Aura o las violetas. Fragmento del prefacio de la primera edición:

¡Cómo tiemblan los recuerdos en las páginas dolientes de este libro! Tristes rondas de las hojas muertas impulsadas por el viento de la tarde… Hay calor de cenizas en las hojas… cenizas escapadas a un columbario fatal…

Fue el primer libro que escribí en mi vida; poema de adolescencia; escrito por una embriaguez de lágrimas por un niño solitario, tembloroso aún del primer encuentro con la vida, que desgarró su corazón.

Fragmento de Lo irreparable, otra historia anexada al mismo libro en nuevas ediciones. Lleva por título «Aura o las violetas»:

La legendaria maldición no es cierta:

Dios no ha podido establecer la desigualdad entre los hombres.

Dios que es la Virtud, no manda el crimen.

Dios que es padre de los hombres, no quiere que sus hijos sean siervos de sus hijos.

Dios que es Paz, no quiere la guerra entre los hermanos.

Dios que es el padre del Derecho, no ha ordenado jamás el atentado…

Dios no ha establecido distinción de razas ni colores entre los hombres.

Dios no ha hecho ciervos ni señores.

Dios no ha coronado reyes.

Dios que es el padre de la libertad no ha sancionado jamás la esclavitud.

Todos los hombres son libres e iguales ante Dios; y hubo como un dulce estremecimiento en la conciencia humana.

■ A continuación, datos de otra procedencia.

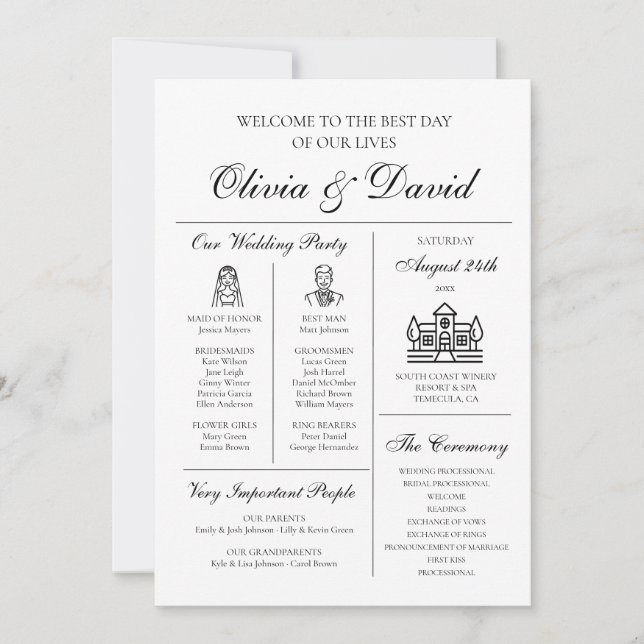 Elegant Modern Unique Infographic Wedding Program (Front)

Y un rumor apacible, se repitió de pueblo en pueblo: todos los hombres son iguales.

Más la sombra seguía;

La voz inspirada de Cristo, predicando la igualdad, y se necesitó diecinueve siglos para implantarla.

Y, hombres que creían en la redención de la humanidad, por el sacrificio de un Dios, no creyeron en la redención de las razas esclavas, y siguieron oprimiéndolas.

Los libros suelen zanjar surcos en el alma, donde puede crecer la hierba o brotar la semilla.

Flor de fango, con una portada negra donde sobresale una pareja de amantes rozándose los labios. Ese libro lleva en mi propiedad alrededor de treinta y seis años, pero su existencia en el seno materno la adivino entre cinco y diez años antes de terminar en mis manos. Es el libro más viejo que poseo. He intentado donarlo dos veces, pero las circunstancias lo han impedido. Ahora estoy convencida de que hará parte de mi biblioteca mientras viva.